Lambang Daerah diambil dari simbol Gunung Agung yang mengepulkan asap dengan membentuk Pulau Bali dengan Tugu Pahlawan di tengah, dikelilingi padi dan kapas menandakan simbol kemakmuran Gunung Agung dengan Pura Besakih sebagai pusat ritual umat Hindhu serta memiliki sejarah sebagai daerah perjuangan, murah sandang pangan, gemah ripah loh jinawi berkat lahar Gunung Agung.Sedangkan garis merah merupakan simbol Karangasem ngemong Pura Kiduling Kreteg di Besakih.


Minggu, 02 Mei 2010

history mosque baiturrahman in the chi_cank village


Kecicang merupakan sebuah dusun yang terbagi menjadi dua yaitu Kecicang Bali (Banjar Bali) dengan mayoritas penduduknya beragama Hindu dan Kecicang Islam yang mayoritas penduduknya beragama Islam. Dusun ini terletak di Desa Bungaya, Kecamatan Bebandem, Kabupaten Karangasem Bali.

Sebuah masjid berdiri megah di tengah perkampungan Kecicang Islam yang diperkirakan sudah ada sejak akhir abad 17 M - awal abad 18 M. Perkiraan tersebut didasarkan pada kekalahan kerajaan Pejanggik di Lombok Tengah pada tahun 1692 sehingga terjadi perpindahan penduduk Islam dari Lombok menuju Karangasem sebagai tentara kerajaan Karangasem.
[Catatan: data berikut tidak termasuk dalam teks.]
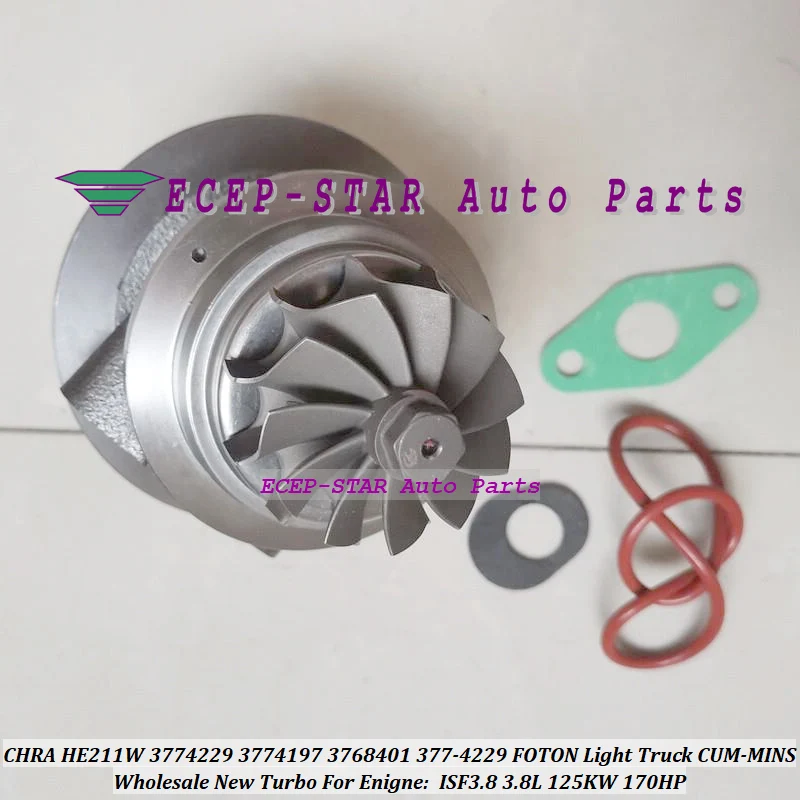 Turbo Cartridge CHRA HE211W 3774229 3774197 377-4197 For FOTON Light Truck CUM-MINS ISF3.8 3.8L 125KW 170HP 3768401 377-4229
Pada tahun 1740, keseluruhan Pulau Lombok berhasil ditaklukkan oleh kerajaan Karangasem sehingga semakin memperbesar jumlah komunitas Islam di daerah tersebut. Selain Kampung Kecicang, komunitas Islam mendirikan perkampungan di luar pusat kerajaan sebagai pasukan penjaga antara lain di Kampung Ujung Desa, Ujung Sumbawa, Segara Katon, Dangin Sema, Nyuling, Tihing Jangkrik, Kampung Anyar, Karang Sasak, Bukit Tambuhan, Tibulake, Sasak, Karang Cermen, Bangras, Karang Langko, Karang Tohpati, Karang Ampel, Gerembeng, Karang tebu, Jeruk Manis, Gelumpang Sari, Karang Sokong, Telaga Mas, Kedaton, Saren Jawa dan Sindu.
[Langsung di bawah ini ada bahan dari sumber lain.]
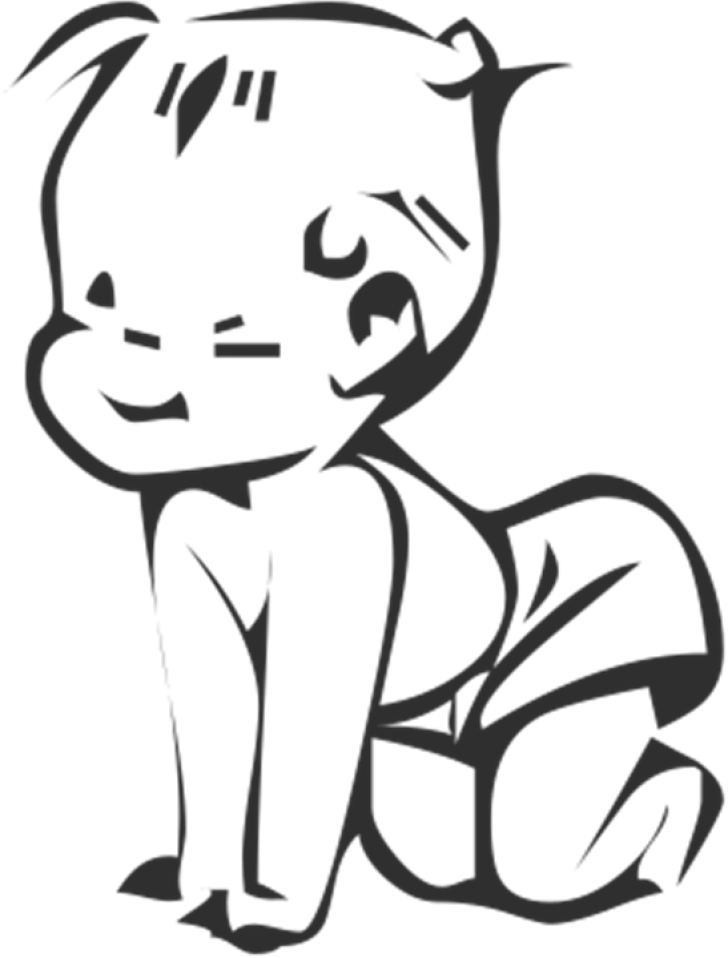 Permalink To Baby Clipart Black And White Music Clipart - Prolife Baby - Square Car Magnet (728x958)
Pada masjid Baiturrahman terdapat kekunaan arkeologi berupa kolam air yang mengelilingi bangunan masjid. Kolam merupakan simbol pembersihan diri (untuk jiwa dan raga) sebelum memasuki bangunan masjid. Sehingga pembangunan kolam sering fungsinya digabungkan dengan tempat berwudlu. Dalam mitos Hindu, bangunan disimbolkan sebagai gunung kehidupan (girimandala) dan kolam disimbolkan sebagai lautan (samudramantana).

Bentuk bangunan masjid berdenah bujur sangkar dengan atap tumpang tiga. Atap tumpang merupakan ciri khas masjid lama yang berkembang di nusantara, dan merupakan adopsi dari bangunan tradisional. Atap tumpang juga sudah digunakan masyarakat Hindu untuk bangunan meru di pura pada masa sebelumnya. Dinding masjid dibuat dari tembok dengan pintu dan jendela yang besar dan banyak sehingga pengaruh arsitektur Belanda terlihat pada bagian ini.

Kekunaan mimbar masjid juga terlihat dari ukiran geometris dan sulur-suluran tumbuhan. Mimbar bagian depan terdapat hiasan kurawal berupa motif sulur floris (tumbuhan) yang dianggap sebagai prototipe (penyamaran) kala makara pada masa Hindu. Masyarakat Bali menyebut hiasan tersebut dengan istilah "patra". Patra Olanda (mendapat pengaruh motif dedaunan Belanda) merupakan patra yang dipahatkan pada mimbar tersebut dan motif ini banyak dipahatkan pada hiasan istana (puri) atau rumah bangsawan di Bali.

Bangunan Masjid Baiturrahman Kecicang Islam merupakan salah satu khasanah budaya Islam di tengah budaya Hindu yang perlu dipertahankan keasliannya, sehingga dapat dijadikan rujukan untuk menelusuri sejarah perkembangan arsitektur Islam di Bali.